Ocular trauma is a substantial contributor to blindness globally, especially when it coexists with glaucoma. Traumatic glaucoma can develop as a result of direct injury from blunt or penetrating trauma, bleeding, inflammation, lens-related issues, orbital and brain vascular diseases associated with trauma, and chemical injuries. Depending on the mechanism of harm, some conditions can be managed easily by removing the underlying cause, while others can be difficult to control. Poor visual results may result from improper management. We go over a variety of trauma-related processes that might elevate intraocular pressure as well as how to treat them (1).
Ocular trauma is a significant contributor to preventable severe vision impairment in people of all ages, and it is the main cause of monocular blindness in American young adult men. Effective management depends on a thorough but secure clinical examination, supported where necessary by imaging. Any patient with mid-facial injuries should be evaluated with an eye on suspected ocular impairment and the potential need for early evaluation by an ophthalmologist [2]. Various traumas that are commonly seen are mentioned.
Conjunctival and Corneal Foreign Bodies
A foreign body is typically present on the cornea or under the upper lid if a patient report having "something in my eye" and provides a consistent history, even though it may not always be visible. Before starting treatment, a visual acuity test should be performed to determine the extent of the damage and to serve as a benchmark in the event of complications.
A diffuse rust ring is typically left by iron foreign substances. This requires excision, which is best carried out with a slit lamp and local anesthesia.
Within 24 hours, ocular epithelial cells will line the crater if there is no infection. The epithelium is damaged, but the cornea is incredibly prone to infection. A tiny amount of grey exudate and a white necrotic region surrounding the crater are signs of early infection [3].
Intraocular Foreign Body
An ophthalmologist must administer emergency care if there is an intraocular foreign body. Patients with a history of "something hitting the eye" especially those who have used tools for grinding or hammering metal should be examined for this possibility, especially if there is no corneal foreign body, no obvious corneal or scleral wound, or there is significant visual loss or media opacity. Such patients need to be referred right away and treated as though they have an open globe injury. The risk of intraocular infection is considerably increased by intraocular foreign substances [4].
Corneal Abrasion
A person who has had their cornea abraded complains of excruciating pain and photophobia. There is frequently a history of trauma to the eye, frequently caused by a contact lens, piece of paper, or fingernail. To rule out a foreign body, visual acuity is measured, and the cornea and conjunctiva are inspected with a light and loupe. Sterile fluorescein is injected into the conjunctival sac if an abrasion is suspected but cannot be detected. The region of the corneal abrasion will stain because fluorescein stains places that lack epithelium.

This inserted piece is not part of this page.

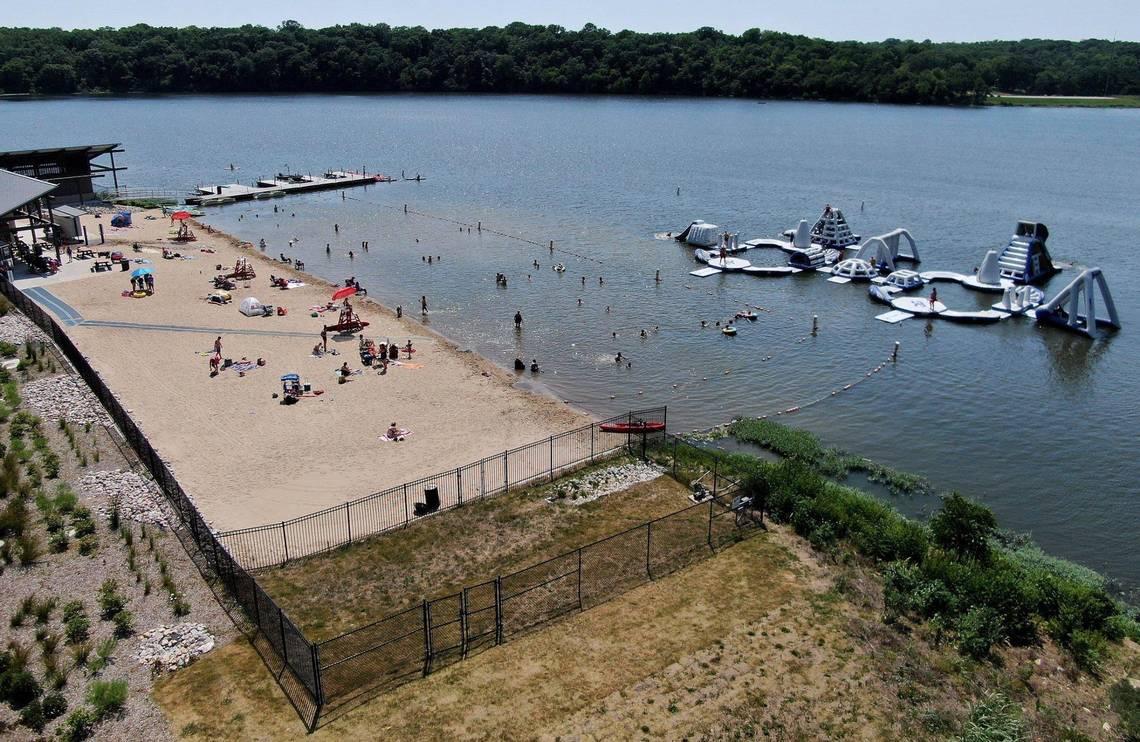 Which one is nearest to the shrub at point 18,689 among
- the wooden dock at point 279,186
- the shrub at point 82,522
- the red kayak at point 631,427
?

In order to prevent infection, treatment options include topical fluoroquinolone antibiotics for contact lens wearers or bacitracin-polymyxin ocular ointment or drops. Pain can be managed with a mydriatic (cyclopentolate 1%) and either topical or oral nonsteroidal anti-inflammatory drugs. Small abrasions probably won't benefit from an eye patch. Smokers recover corneal abrasions more slowly than non-smokers. After corneal abrasions, there may be repeated corneal erosion [5].
Contusions
A closed globe injury to the eye may result in ecchymosis ("black eye"), subconjunctival haemorrhage, corneal edoema, haemorrhage into the anterior chamber (hyphema), rupture of the iris (irido dialysis), paralysis of the pupillary sphincter, paralysis of the muscles of accommodation, cataract, dislocation of the lens, vitreous haemorrhage, retinal haemorrhage and e Some of these wounds are instantly noticeable, while others could take days or weeks to show.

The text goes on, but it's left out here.